The first step is to examine the Census API user guide. It can be a bit obtuse at first, hence the need for this guide, but it can be helpful. You'll want to figure out which data set you need. For my purposes, the 2000 (green) Community Population Survey (red) was what I needed. To find datasets, use the API Data Discovery Tool; this is machine readable, so for brave souls in need of a web scraping practice project, there's a suggestion for you. Each dataset has information about geographic levels of aggregation available, and variables you can query; these variables (yellow) go after the question mark in your query. You can also tabulate information but I've found that route to be more problematic. For my project, the variable information rested here. After listing out your variables, separated by commas, you can then change which geographies you're querying by writing "&for=", then the level of geographic aggregation, followed by a comma, and either a * for all or a specific code (blue). Finally, you can query certain variables about citizen types (pink); confusingly, explanations of these fields rest in the same variable dictionary as the variables. Finally, after "&key=", you'll write your own API access key, which you can get by signing up for a key using the prominent ad box on the left hand side of the screen here or on other pages of the Census Developers page.

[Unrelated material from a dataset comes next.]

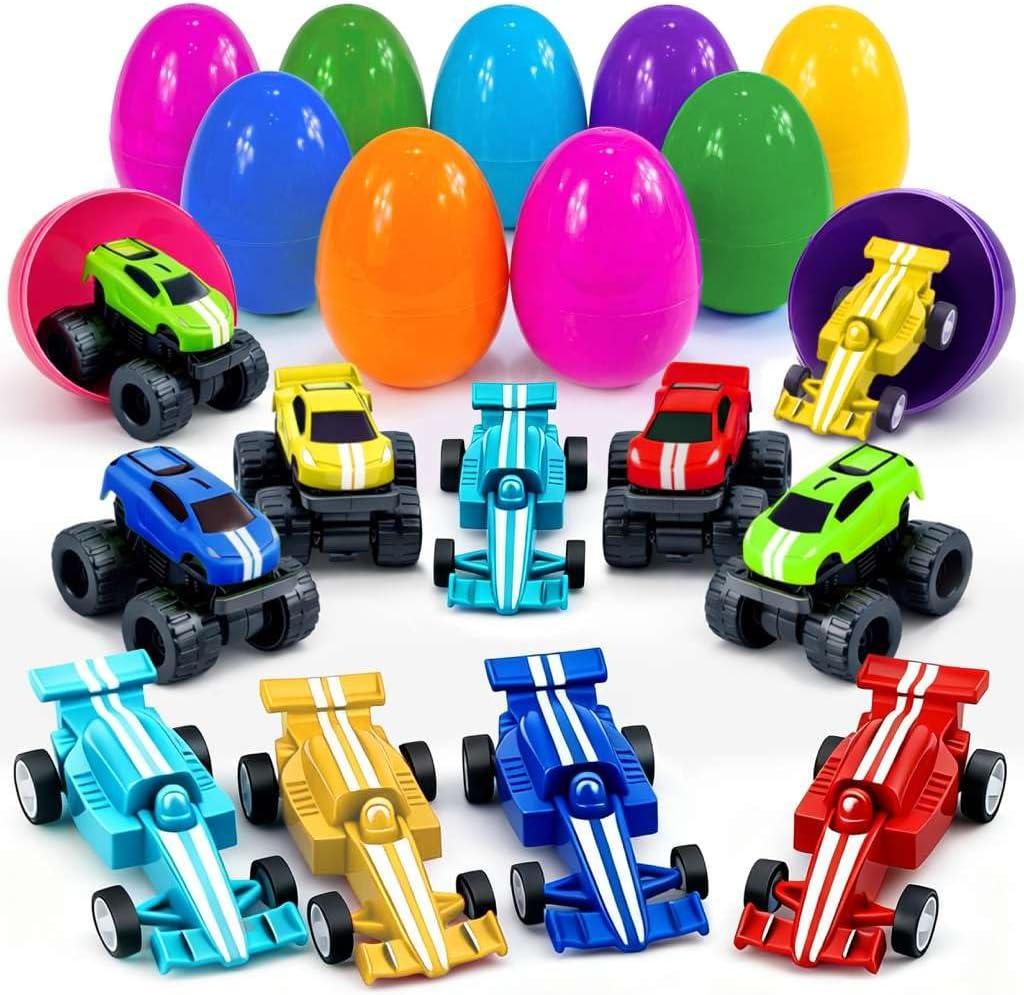 Stargo 24 Pack 3.2" Colorful Prefilled Easter Eggs bulk with Racing Mini Car Vehicles - Pull Back Cars | Plastic Easter Eggs Large for Easter Basket stuffers, Easter Gifts Party Favors Boy Goodie Bags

Example queries for each dataset are linked to in the API Discovery Tool; the examples for my dataset are reproduced above.

Using the query

You've figured out how to do a query, and maybe even pasted it into your browser to see what you get from it. How, then, should one use it in Alteryx? That's exactly what I wanted to know. The first thing to know is that the file format is nonstandard JSON. Thankfully, Alteryx's JSON parser helps.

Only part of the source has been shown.